PROVIDED INFORMATION -

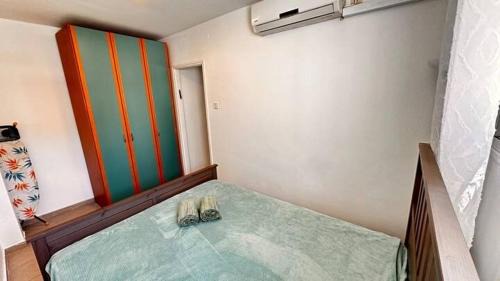 Nahariya Apartment | Уютная и светлая квартира с балконом рядом с ТЦ STAR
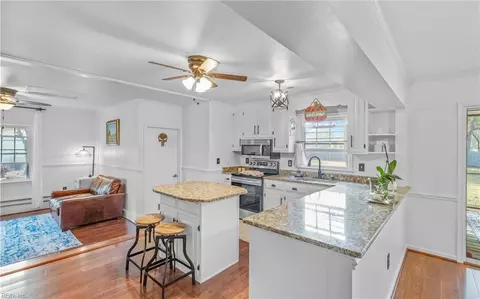 Kitchen - 111 Moone Dr, Smithfield, VA 23430 photo 5 of 5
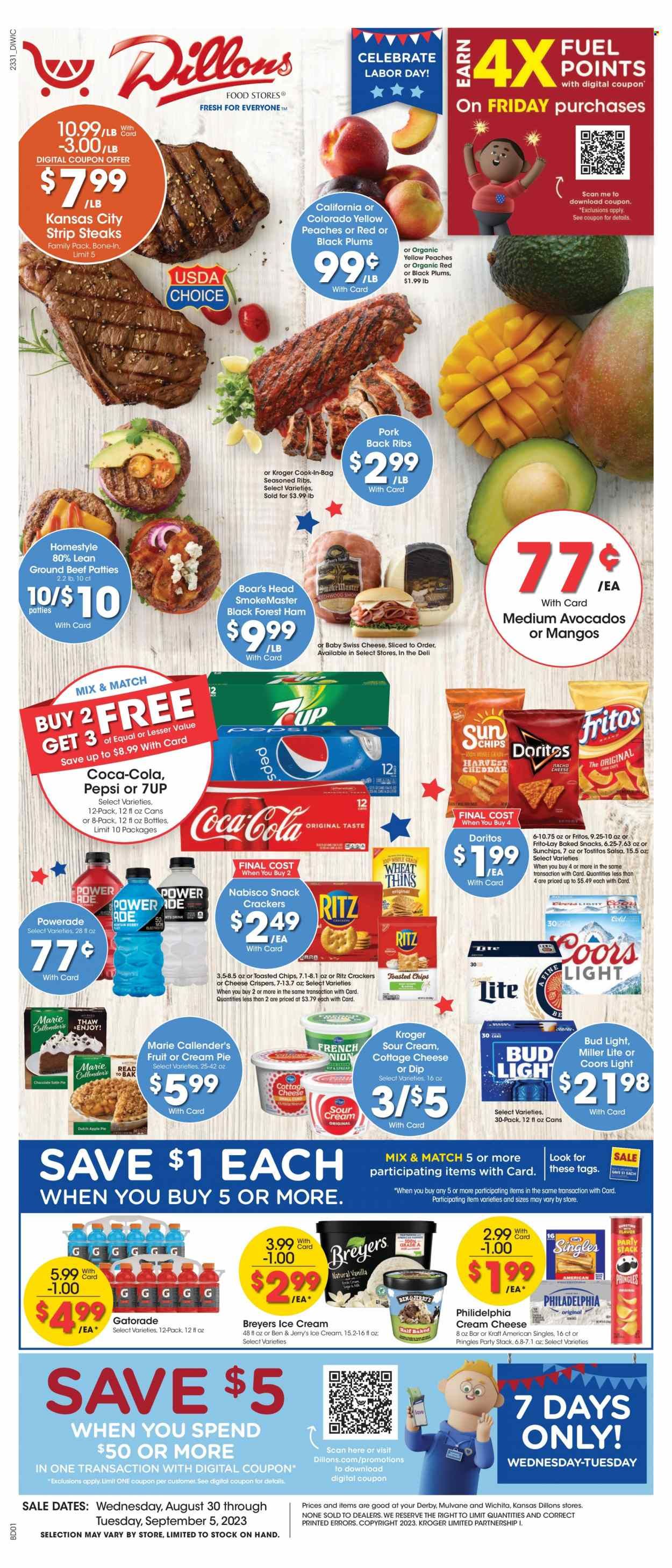 Dillons (KS) Weekly Ad Flyer Specials August 30 to September 5, 2023
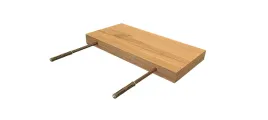 polka-wiszaca-30x15-cm-dab-wotan-laminowana-z-ukrytymi-mocowaniami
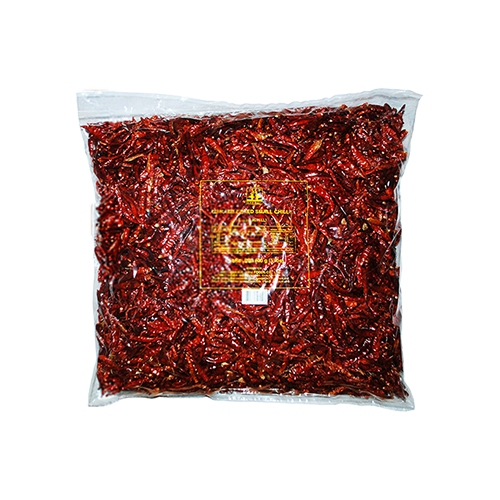 DRIED RED CHILI WHOLE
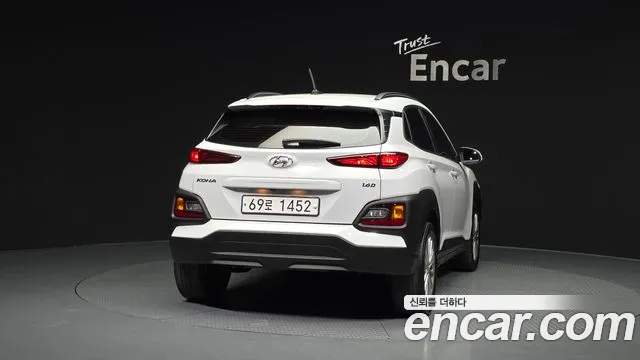 Hyundai Kona 2018 — фото 4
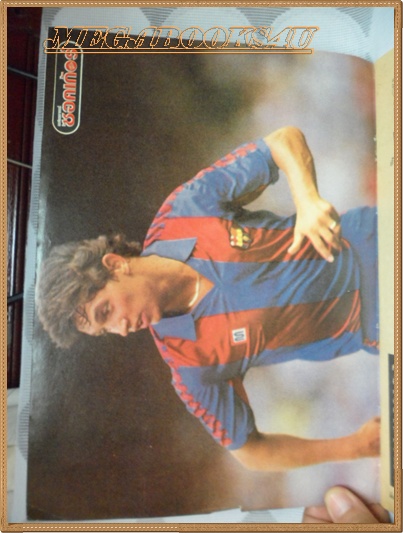 MD0213;สตาร์ซอคเกอร์นิวมิควีค,ฉบับที่240,2531 ปก น็อตติ้งแฮม,จอห์น บานส์,ลิเวอร์พูล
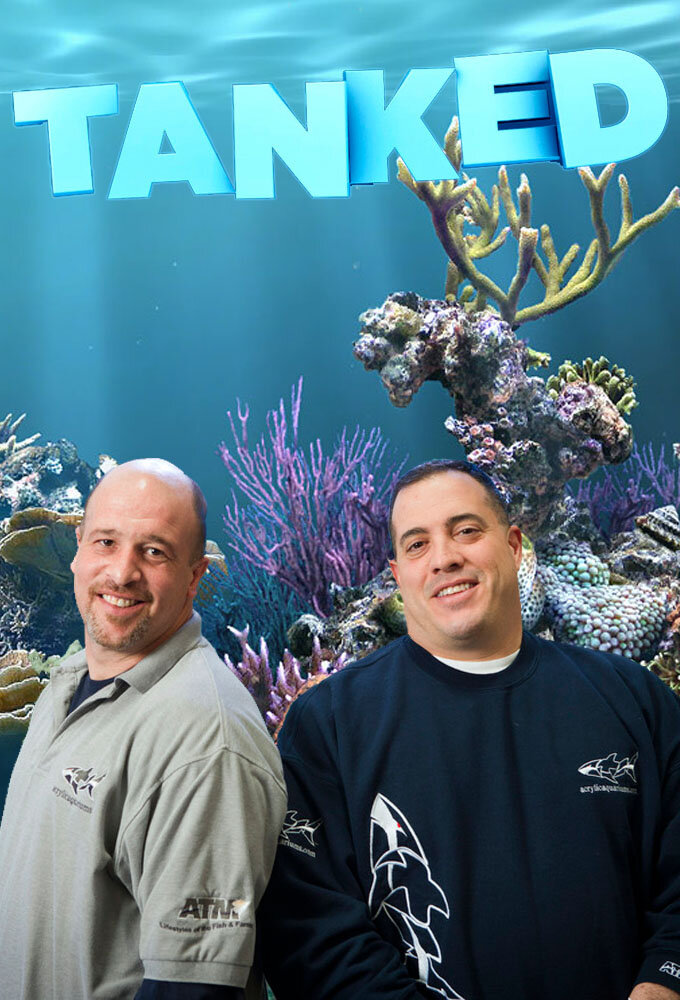 Tanked Dizi afişi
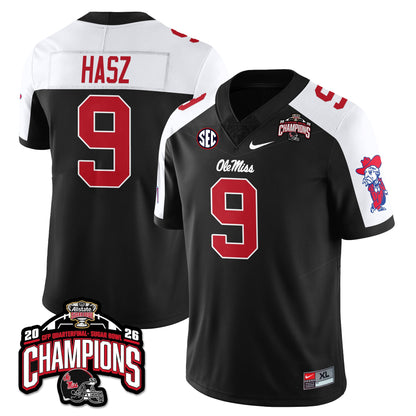 OM Football Vapor Limited Jersey - Allstate Sugar Bowl Champions - All Stitched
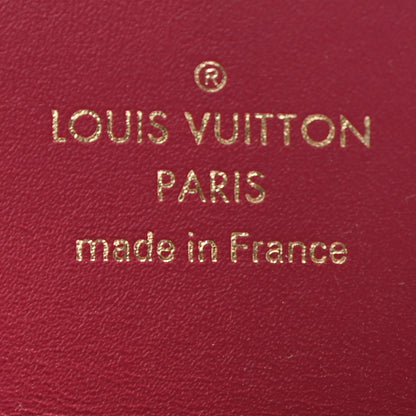 Louis Vuitton Monogram Small Kirigami Pochette Insert Fuchsia 6 of 6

INSTRUCTIONS FOR THE TASK - Return the material word for word. Pictures are not part of the copy.

RESULT OF THIS TASK -
 Nahariya Apartment | Уютная и светлая квартира с балконом рядом с ТЦ STAR
 Kitchen - 111 Moone Dr, Smithfield, VA 23430 photo 5 of 5
 Dillons (KS) Weekly Ad Flyer Specials August 30 to September 5, 2023
 polka-wiszaca-30x15-cm-dab-wotan-laminowana-z-ukrytymi-mocowaniami
 DRIED RED CHILI WHOLE
 Hyundai Kona 2018 — фото 4
 MD0213;สตาร์ซอคเกอร์นิวมิควีค,ฉบับที่240,2531 ปก น็อตติ้งแฮม,จอห์น บานส์,ลิเวอร์พูล
 Tanked Dizi afişi
 OM Football Vapor Limited Jersey - Allstate Sugar Bowl Champions - All Stitched
 Louis Vuitton Monogram Small Kirigami Pochette Insert Fuchsia 6 of 6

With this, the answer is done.